**WHAT TO PRODUCE**
The full listing, copied exactly and free of pictures, is the expected reply.

**MATERIAL PROVIDED**
= = =

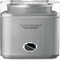 Cuisinart Pure Indulgence 2-Quart Automatic Frozen Yogurt, Sorbet, and Ice Cream Maker - Silver  Click to Change Image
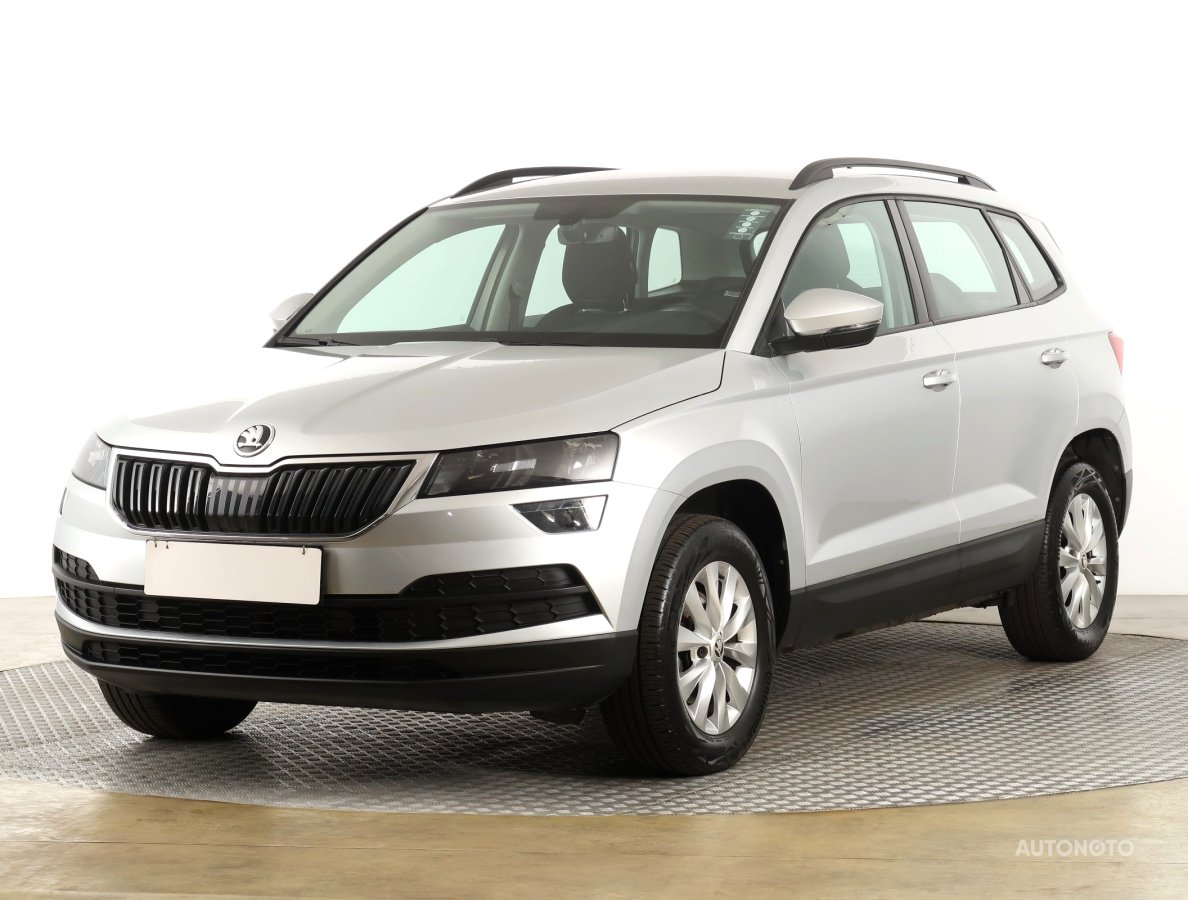 Škoda Karoq, 2021 - pohled č. 3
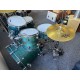 Batterie Basix 22" Custom Serie - Green - Occasion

= = =

**TASK RESPONSE**
 Cuisinart Pure Indulgence 2-Quart Automatic Frozen Yogurt, Sorbet, and Ice Cream Maker - Silver  Click to Change Image
 Škoda Karoq, 2021 - pohled č. 3
 Batterie Basix 22" Custom Serie - Green - Occasion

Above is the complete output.